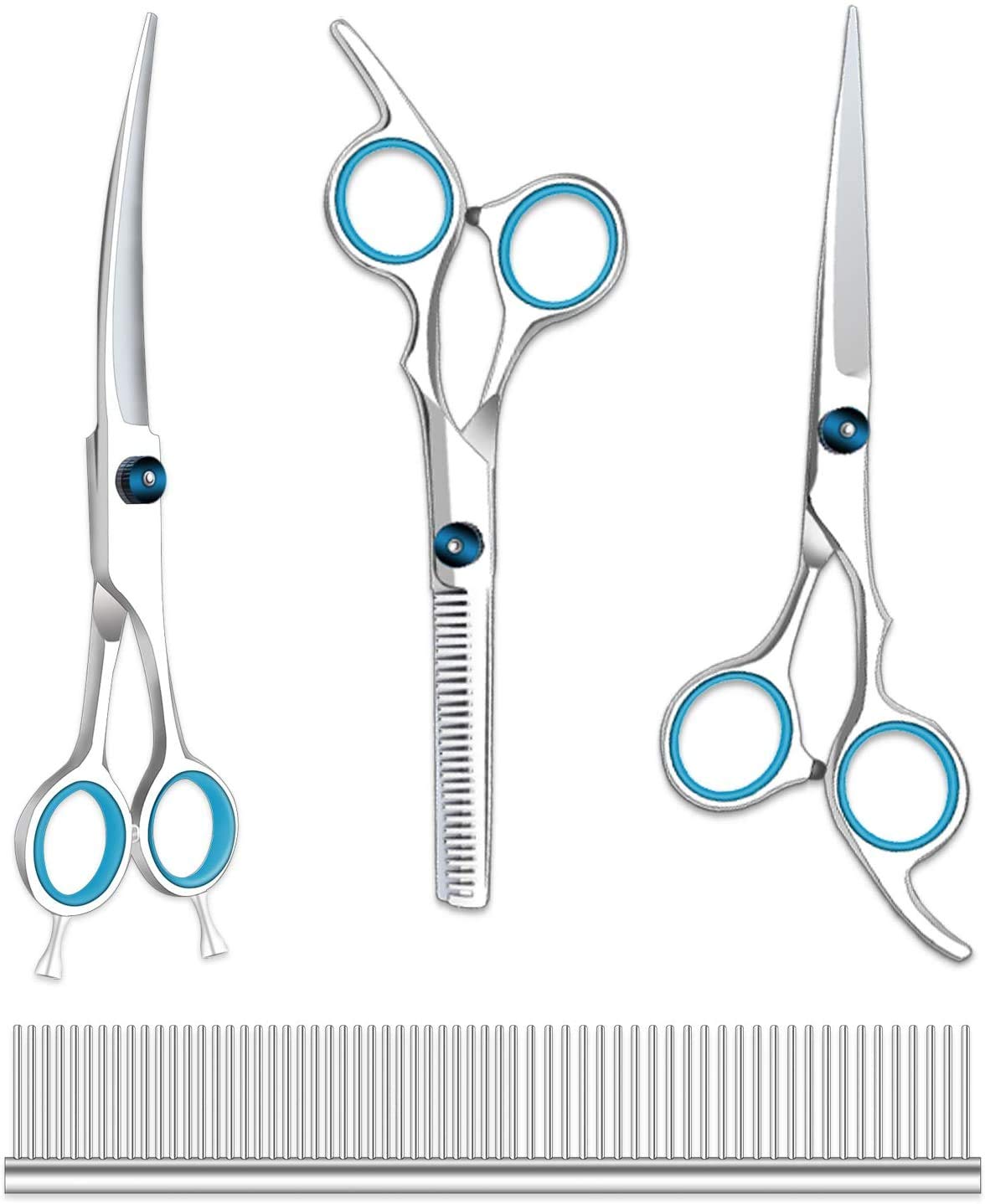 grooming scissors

--

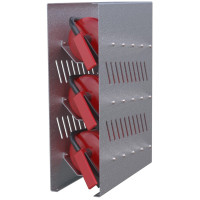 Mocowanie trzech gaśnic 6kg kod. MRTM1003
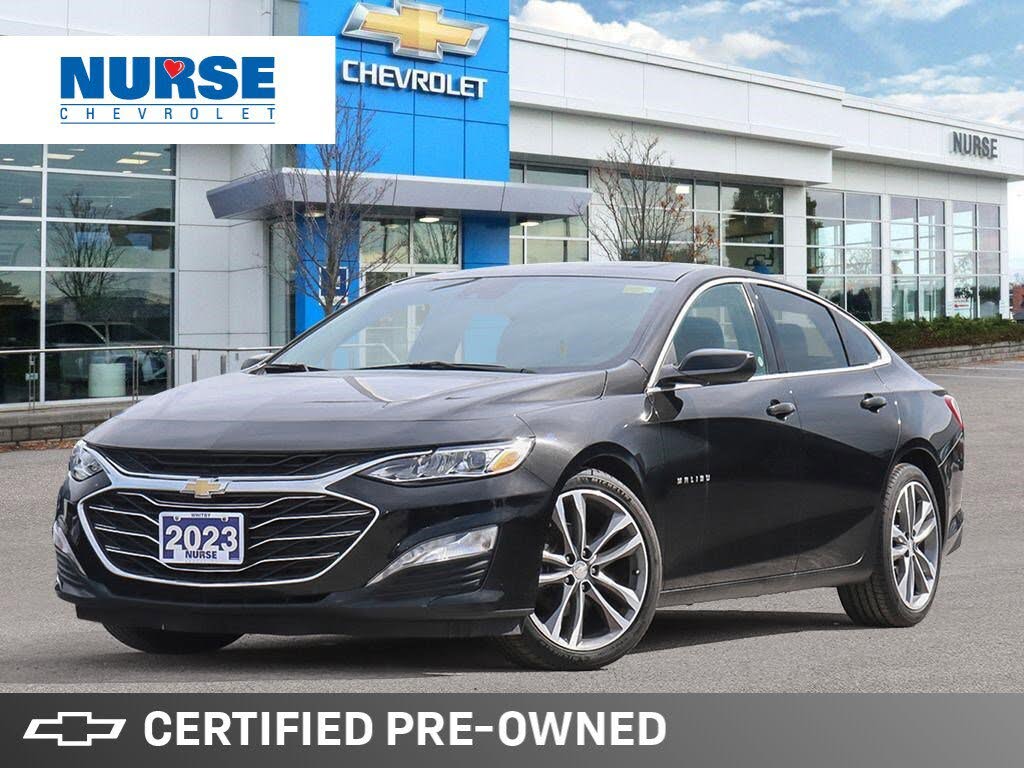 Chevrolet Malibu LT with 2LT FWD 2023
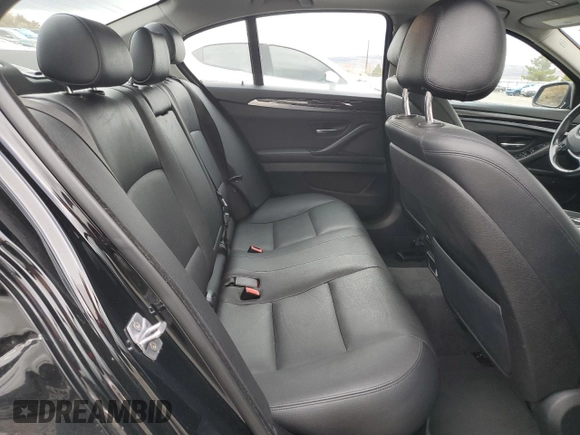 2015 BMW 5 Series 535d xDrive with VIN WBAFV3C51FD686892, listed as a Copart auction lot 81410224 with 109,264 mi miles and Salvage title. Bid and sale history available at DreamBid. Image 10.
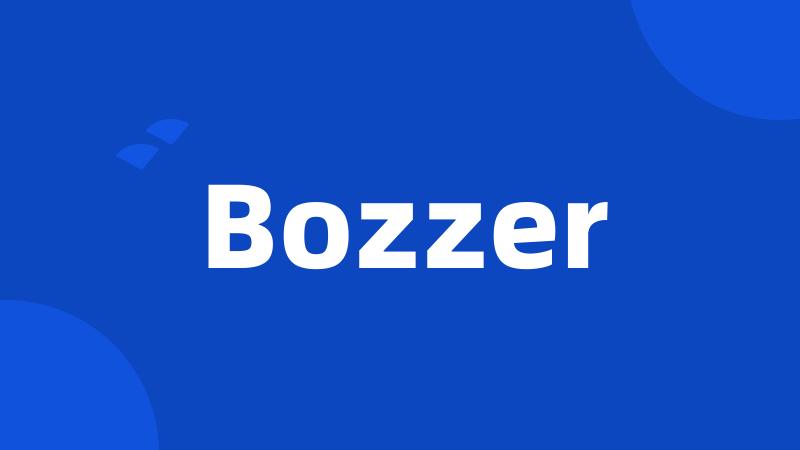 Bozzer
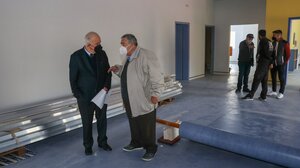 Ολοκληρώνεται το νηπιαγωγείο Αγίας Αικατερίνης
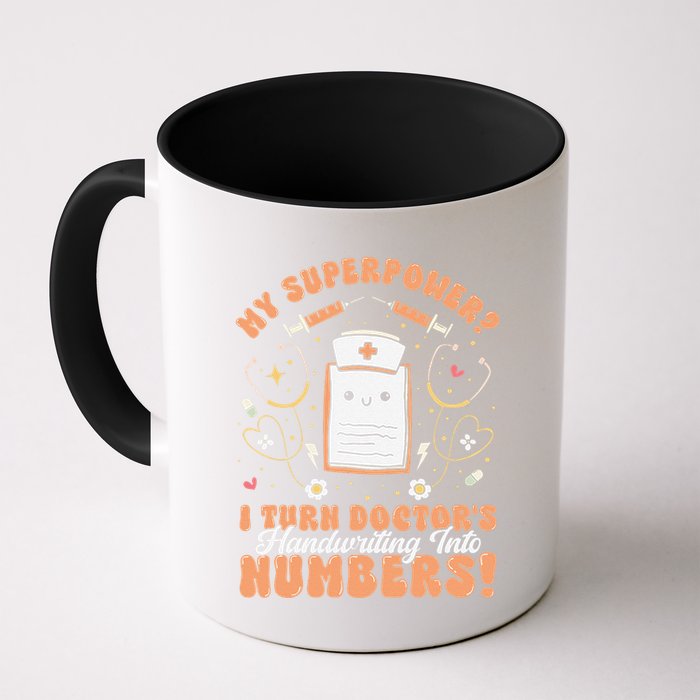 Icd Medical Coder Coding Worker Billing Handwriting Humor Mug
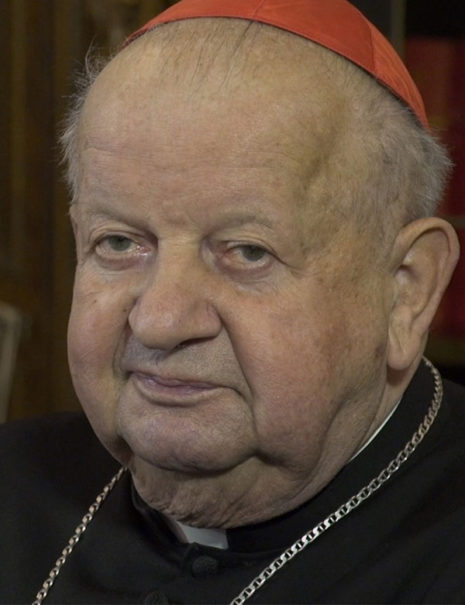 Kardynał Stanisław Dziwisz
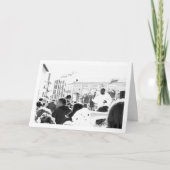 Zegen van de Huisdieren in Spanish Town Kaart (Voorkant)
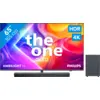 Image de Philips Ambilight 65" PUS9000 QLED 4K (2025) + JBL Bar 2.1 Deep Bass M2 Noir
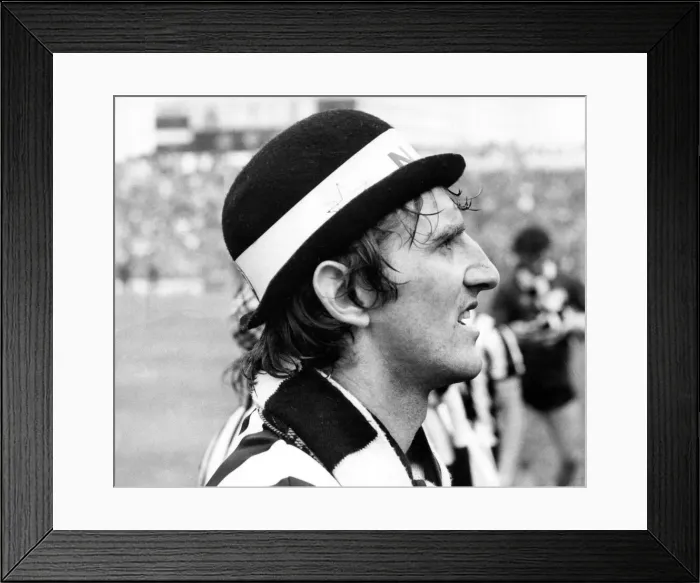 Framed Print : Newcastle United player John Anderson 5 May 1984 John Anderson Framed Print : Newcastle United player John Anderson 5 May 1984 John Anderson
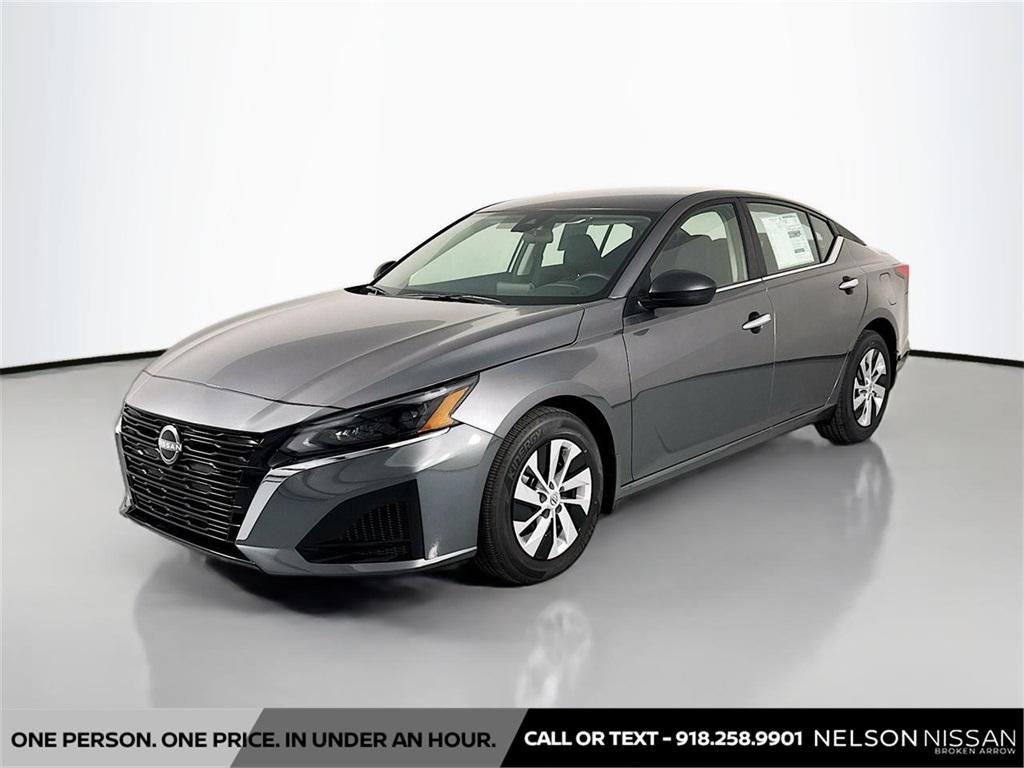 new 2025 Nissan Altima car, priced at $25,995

EXERCISE BRIEF
Print, exactly and with no pictures, the lines of the listing above starting at the one that has "2015 BMW 5 Series" and ending at the one that has "new 2025 Nissan", both included.

EXERCISE ANSWER
 2015 BMW 5 Series 535d xDrive with VIN WBAFV3C51FD686892, listed as a Copart auction lot 81410224 with 109,264 mi miles and Salvage title. Bid and sale history available at DreamBid. Image 10.
 Bozzer
 Ολοκληρώνεται το νηπιαγωγείο Αγίας Αικατερίνης
 Icd Medical Coder Coding Worker Billing Handwriting Humor Mug
 Kardynał Stanisław Dziwisz
 Zegen van de Huisdieren in Spanish Town Kaart (Voorkant)
 Image de Philips Ambilight 65" PUS9000 QLED 4K (2025) + JBL Bar 2.1 Deep Bass M2 Noir
 Framed Print : Newcastle United player John Anderson 5 May 1984 John Anderson Framed Print : Newcastle United player John Anderson 5 May 1984 John Anderson
 new 2025 Nissan Altima car, priced at $25,995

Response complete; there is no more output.